DATASET EXCERPT »

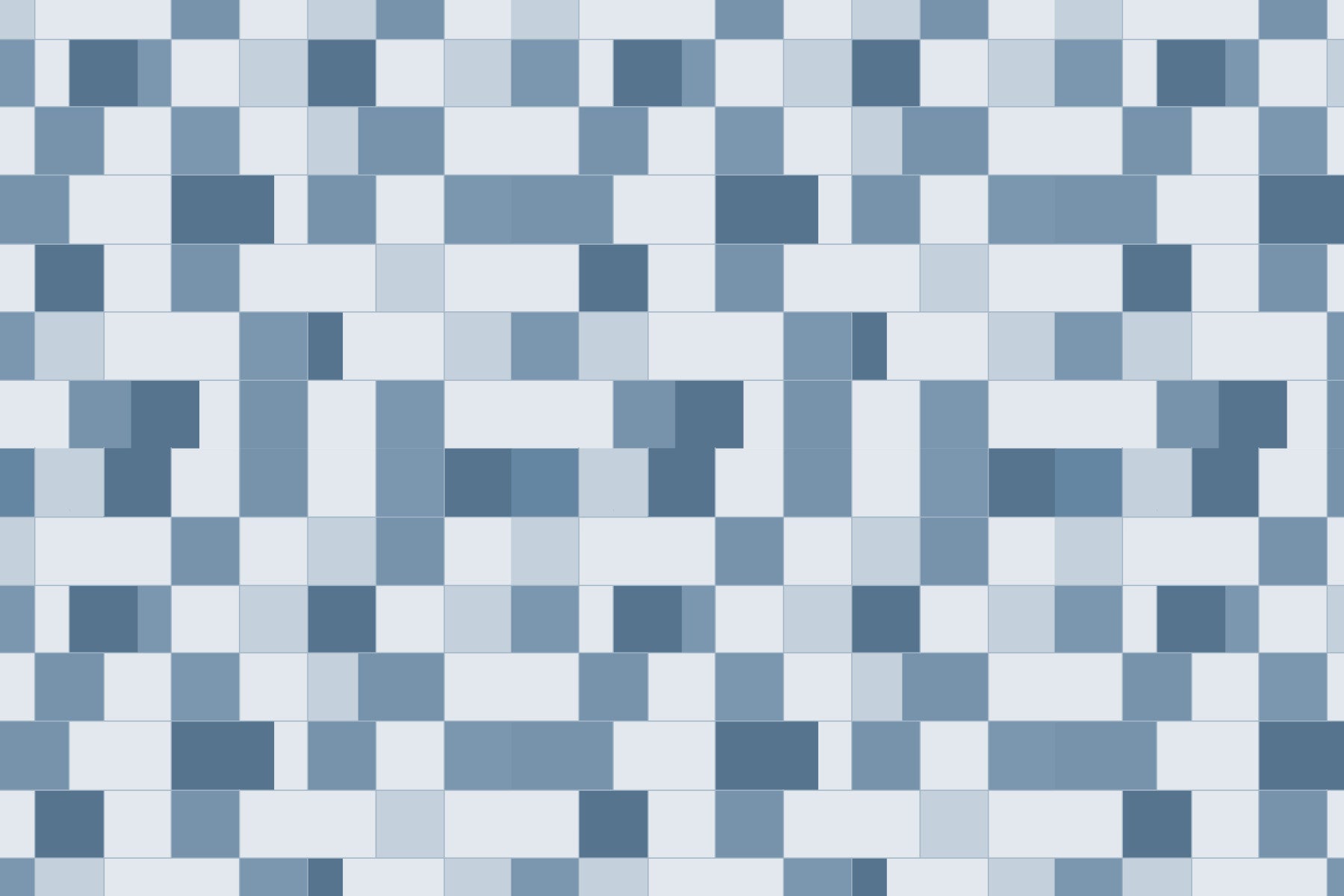 Papier peint à motif de grille de mosaïque bleue minimaliste⁠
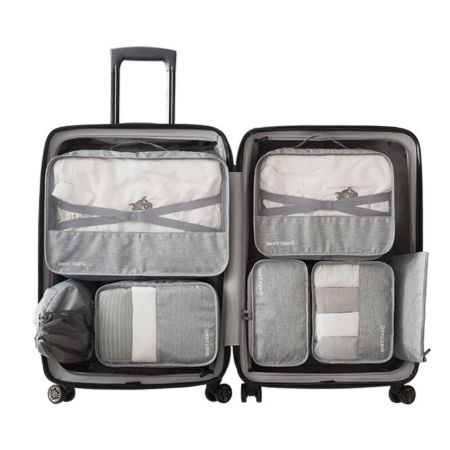 牛津布收納袋七件組 加厚款 旅行收納袋 旅行袋 壓縮袋 包中包 收納包 鞋袋【RB531】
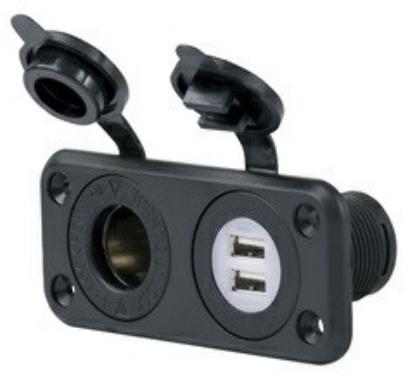 Marinco-12VCOMBO-B Akkuladegeräte Battery Chargers 2-OUT 5V 2.1A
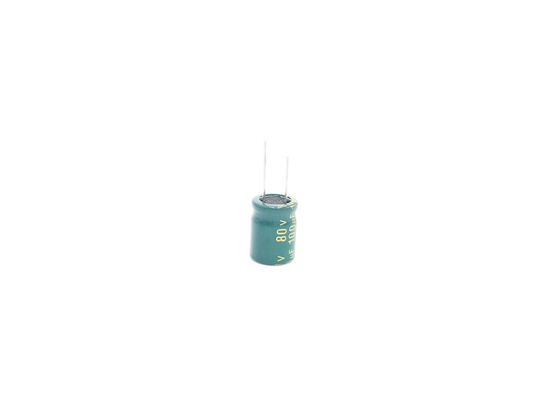 5000 ore di 100UF80V LED di condensatore 10X20MM ISO14001 della luce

WHAT TO DO » An exact copy of the whole listing is required, minus the pictures.

OUTPUT »
 Papier peint à motif de grille de mosaïque bleue minimaliste⁠
 牛津布收納袋七件組 加厚款 旅行收納袋 旅行袋 壓縮袋 包中包 收納包 鞋袋【RB531】
 Marinco-12VCOMBO-B Akkuladegeräte Battery Chargers 2-OUT 5V 2.1A
 5000 ore di 100UF80V LED di condensatore 10X20MM ISO14001 della luce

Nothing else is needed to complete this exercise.